Place du Colonel Fabien, les sans-abris sont surtout des migrants, principalement des Afghans et des Maghrébins mais aussi des Irakiens, des Pakistanais, des Mongols. Une majorité est de passage. Paris est une étape avant les plages de Calais et de Dunkerque, objectif l’Angleterre. « Depuis la fermeture de Sangatte, la situation s’est dégradée. Là-bas, au moins, les migrants dormaient dans un entrepôt chauffé. »
Il y a toujours des sans-abris qui refusent d’aller dans un centre d’hébergement. Moussa, qui travaille pour Cœur des Haltes, nous entraîne sous les arcades de la coulée verte, près de la place de la Bastille. Là, sous une tente type médecins du monde, un homme dort sous une pile de couvertures. Moussa engage la conversation, pour moitié en français, pour moitié en peul :
«
– Alors, ça va ?
– Oui, lui répond le sans-abri qui se réveille.
– Tu te rappelles ?
– Quoi ça ?
– Tu voulais une maison, je t’en ai trouvé une.
– Oh, mais il faut payer un loyer…
– Non, pas pour celle-là. Je viens demain te voir et on y va ensemble si tu veux.
– Demain ? Prend rendez-vous d’abord, j’serais p’tet pas là quand tu viendras. »
Après avoir salué son interlocuteur, Mousa longe une station Vélib et nous entraîne vers les quais. Près des péniches, plusieurs sans-abris ont mis des cartons en travers d’un tunnel pour piétons. Le vent est glacial. Là, deux roumains, de 20 et 25 ans, sont allongés sur un sofa usé.
Seuls deux duvets très fins les recouvre. Ils sont arrivés en France en septembre. « On cherche travail, mais pfuuit… rien trouvé », siffle le plus jeune. Ils connaissent déjà Moussa. Ils le suivront dans un centre d’hébergement. Demain. Encore quelques mètres, une dizaine de tentes ont été dressées sous le pont. Leurs habitants s’y sont regroupés après avoir quitté l’Europe de l’Est. A notre passage, un Polonais qui dormait à la belle étoile s’assied sur le fauteuil qui lui sert de lit. Enfoui sous des couvertures, un bonnet sur la tête, sa longue barbe blanche s’agite au-dessus des nombreux blousons qui le protègent tant bien que mal du froid.
« J’ai préparé un repas de fête pour demain. Ma femme sortira exceptionnellement de l’hôpital pour venir réveillonner ici », se réjouit ce faux père Noël. Deux gamelles trônent fièrement sur son réchaud.
Cette année, il manque encore des places. « Cela fait deux mois que j’appelle la DDASS pour qu’elle envoie un quatrième bus à Colonel Fabien, bus qu’on avait à la même époque l’année dernière. »Mais, pour le moment, rien ne se passe.
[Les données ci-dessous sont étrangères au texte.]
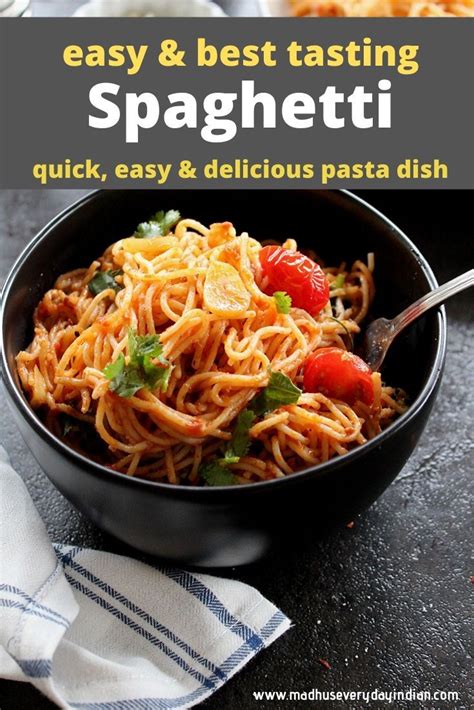 Easy Spaghetti with Rao's Homemade Sauce - Madhu's Everyday Indian | Recipe | Spaghetti recipes ...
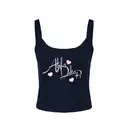 Alpha Delta Pi Script Hearts PR Tank 2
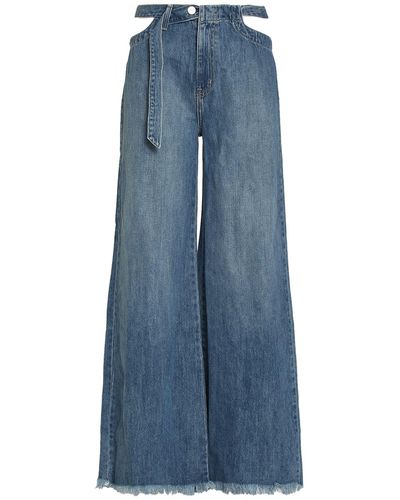 NOEND Salina High Rise Cut Out Detail Wide Leg Jeans In Tucson - Blue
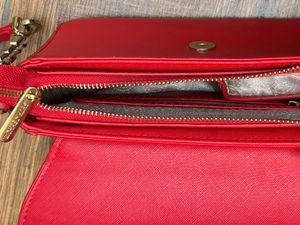 The Bold Red Statement Michael Kors Dupe Purse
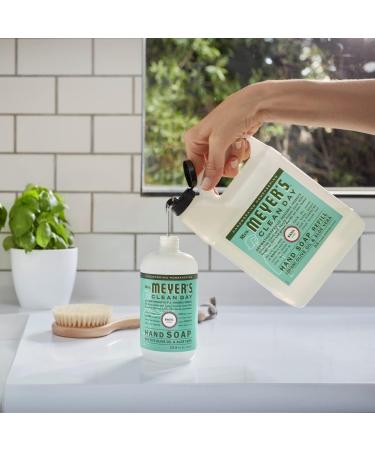 Mrs. Meyer's Basil Hand Soap Refill 33 Fl. Oz - Pack of 2 | Biodegradable Formula with Essential Oils - Buy Online on GoSupps.com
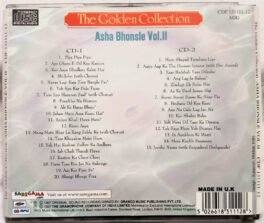 The Golden Collection Asha Bhonsle Vol 2 Hindi Audio cd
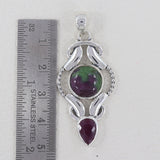 925 Sterling Silver Ruby Zoisite Pendants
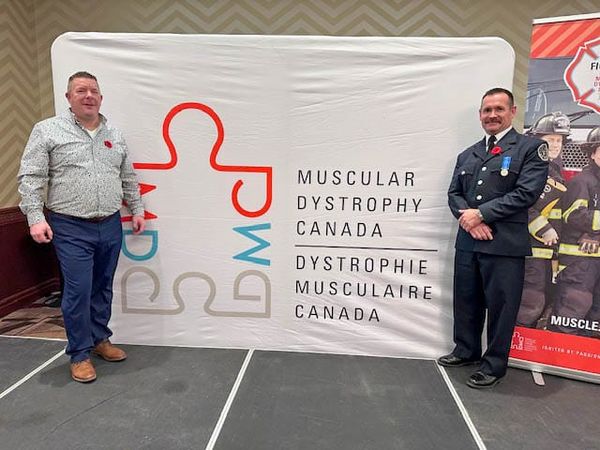 Haweater three-time winner of Muscular Dystrophy Canada Firefighter of the Year award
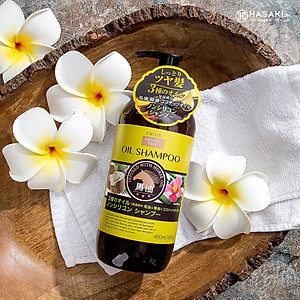 Dầu Gội Đầu Phục Hồi Tóc Yếu Dễ Gãy Rụng Chiết Xuất Tinh Dầu Ngựa Deve Natural Oil Shampoo (Chai 480 mL)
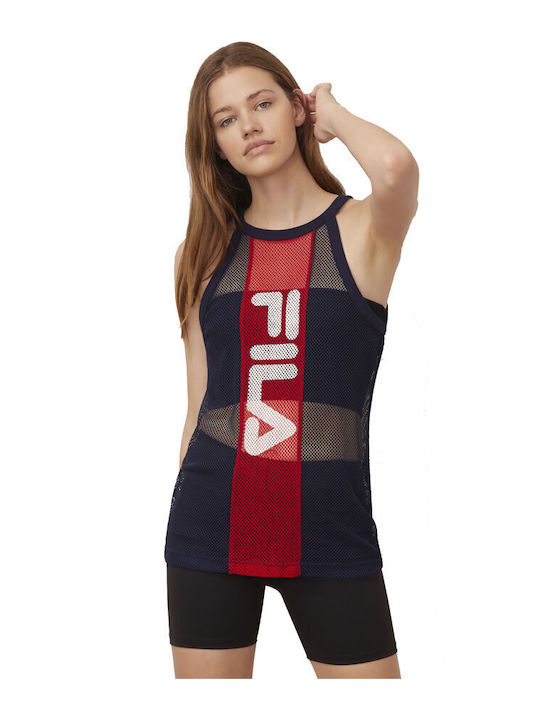 Bobbi Women's Athletic Blouse Sleeveless Navy Blue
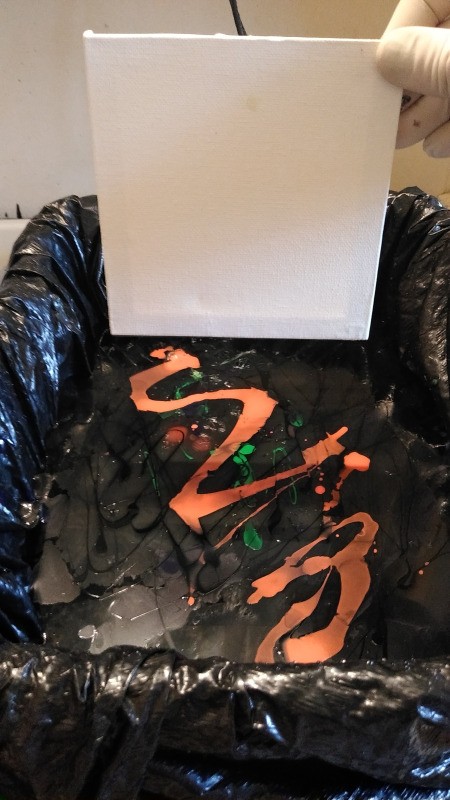 Marbleized Artwork - ready to dip canvas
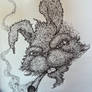 Bad Bunny. Doodle.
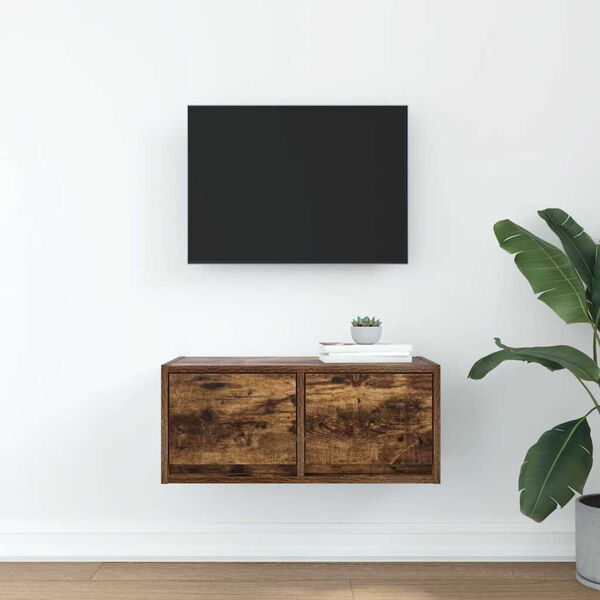 vidaXL TV skř&iacute;ňka kouřov&yacute; dub 60x31x25,5 cm kompozitn&iacute; dřevo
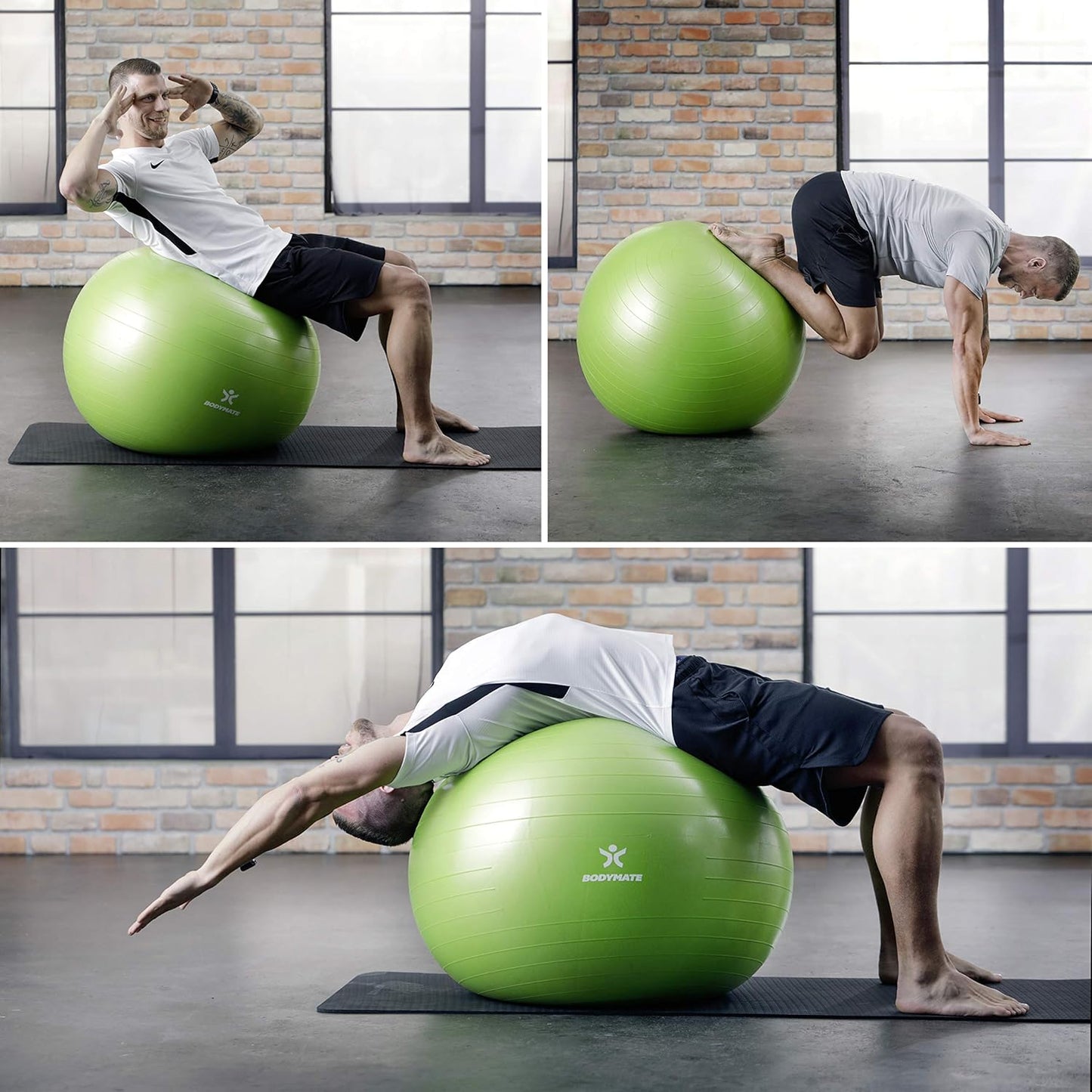 Gymnastikball Sitzball 85 cm (für grosse Personen), Navy-Peony 85 cm (für Körpergröße ab 186cm)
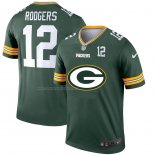 Camiseta NFL Limited Green Bay Packers Rodgers Big Logo Number Verde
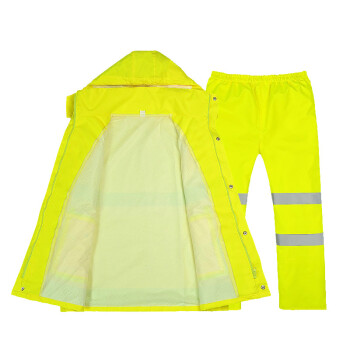 
                                                                                谋福 雨衣 荧光黄分体雨衣雨裤服装套装交通执勤雨衣骑行雨衣制式雨衣 2XL 175                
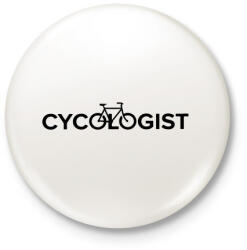 printfashion Cycle - Kitűző, hűtőmágnes - Fehér (3080922)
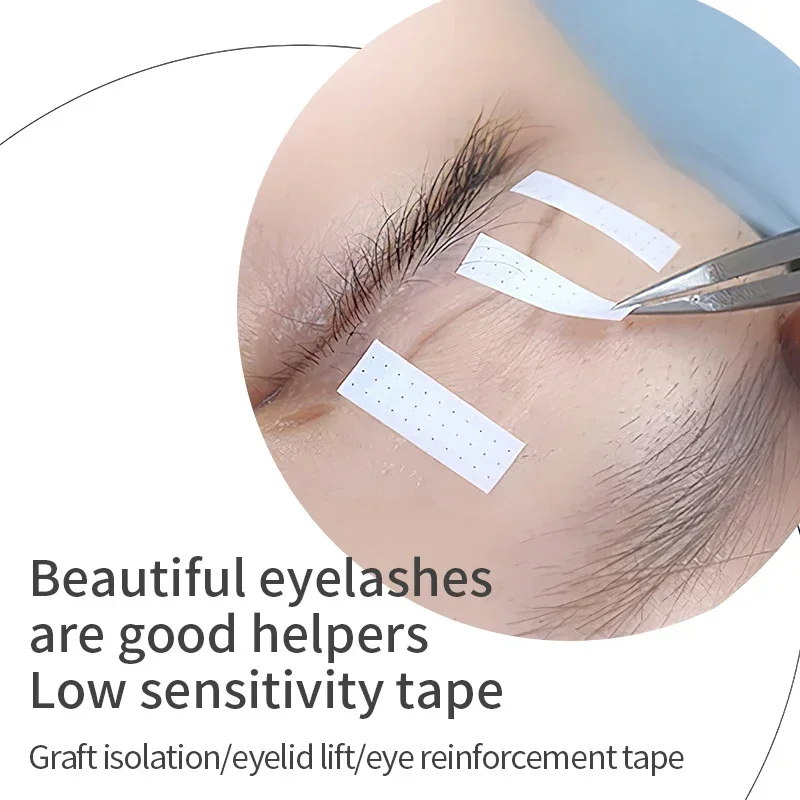 Großhandel 4 mm breites Wimpernverlängerungsband, Make-up, atmungsaktiv, antiallergisch, leicht zu reißen, Mikroporenband, professionelles Wimpernband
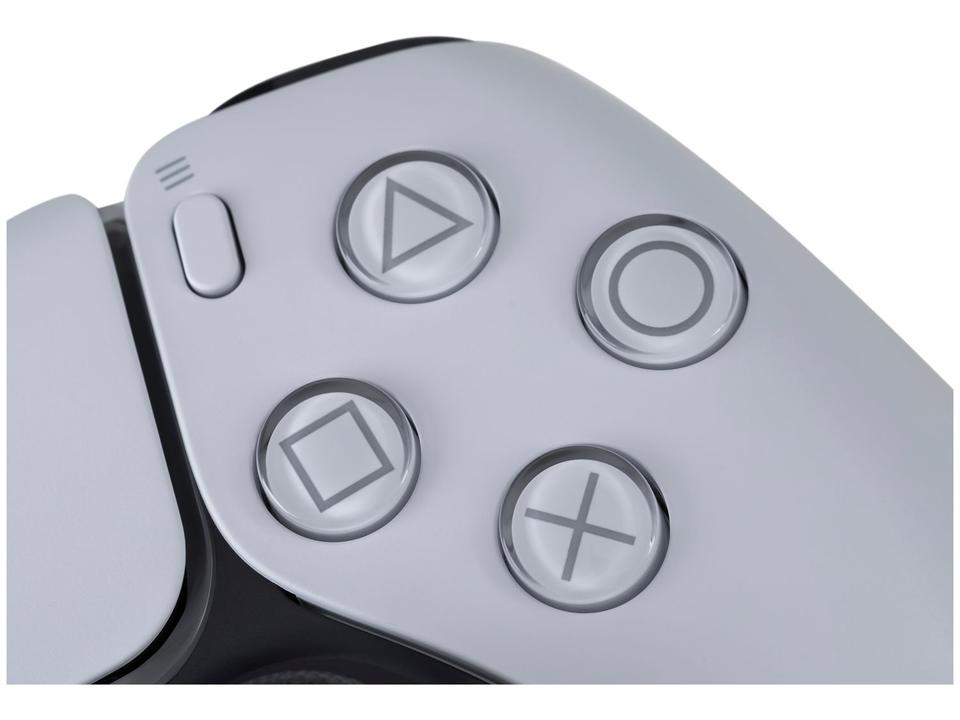 Controle sem Fio DualSense PS5 Sony PlayStation Branco - 8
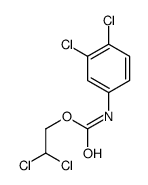 2,2-dichloroethyl N-(3,4-dichlorophenyl)carbamate结构式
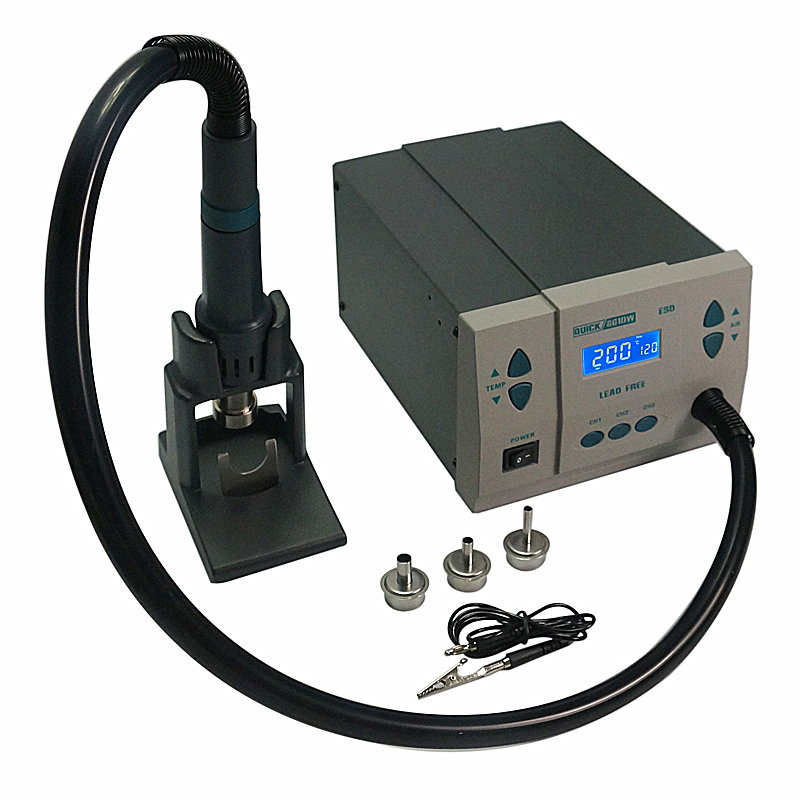 熱風リワークステーションはんだ付けステーション QUICK  - Hot Air Rework Station 861Dw のレビューと価格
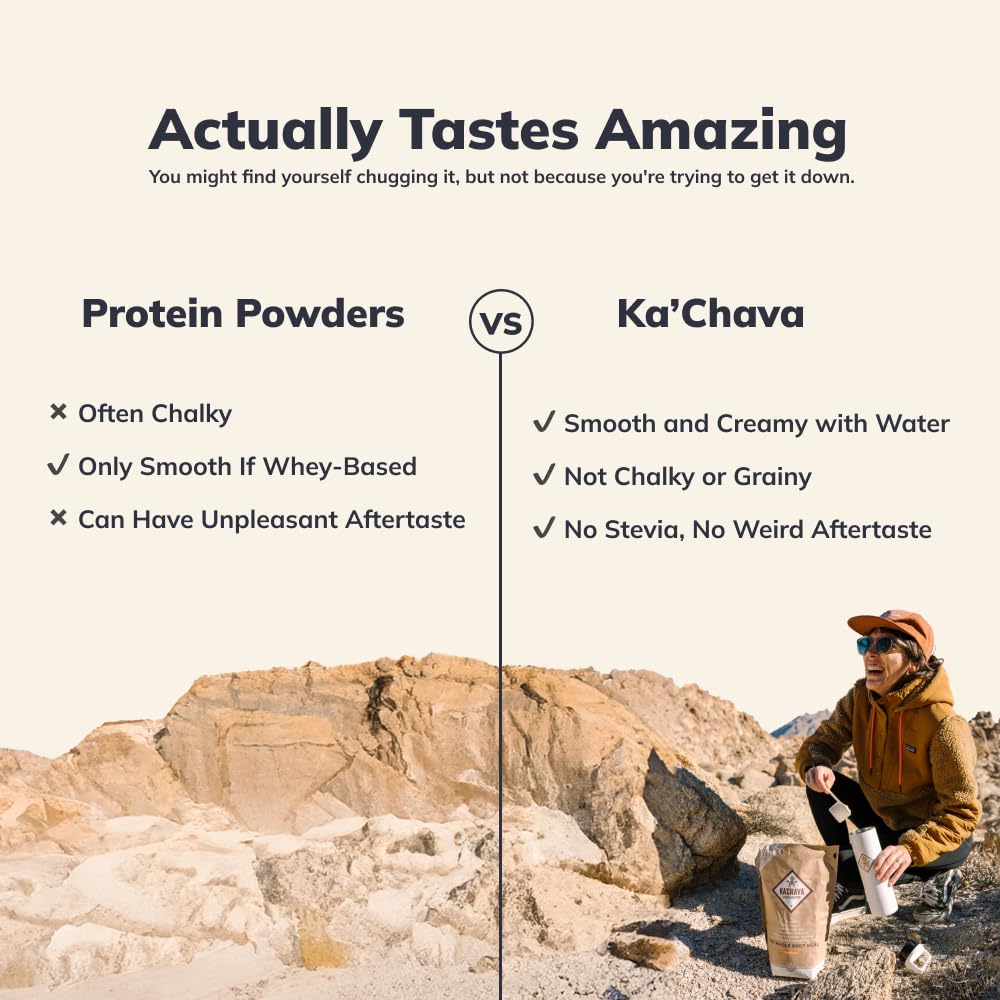 Ka’Chava All-In-One Nutrition Shake Blend, Vanilla, 85+ Superfoods, Nutrients & Plant Ka'Chava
Motif : « la peur de l’appel d’air ». Les autorités prétendent qu’un quatrième bus ferait descendre encore plus d’Afghans de Calais, ce qui rendrait nécessaire un cinquième bus, et un autre encore ensuite. Du coup, les sans-abris qui viennent à Colonel Fabien ne sont pas pris en charge et doivent dormir sous des bâches dans des jardins publics près de la Gare de l’Est.
Même un quatrième bus ne résoudrait pas le problème, lié à la présence de mineurs. Cœur des Haltes doit les confier vers France Terre d’Asile, une association habilitée à s’en occuper mais qui manque de moyens. « On laisse régulièrement en carafe vingt à trente mineurs, cela fait mal au cœur », indique Alain Mesnoua.
La plupart de ces gamins sont Afghans. « Heureusement, ils ne sont pas comme nos minots ; ils sont plus débrouillards, mais quand même. »
Débrouillards, peut-être, mais gelés.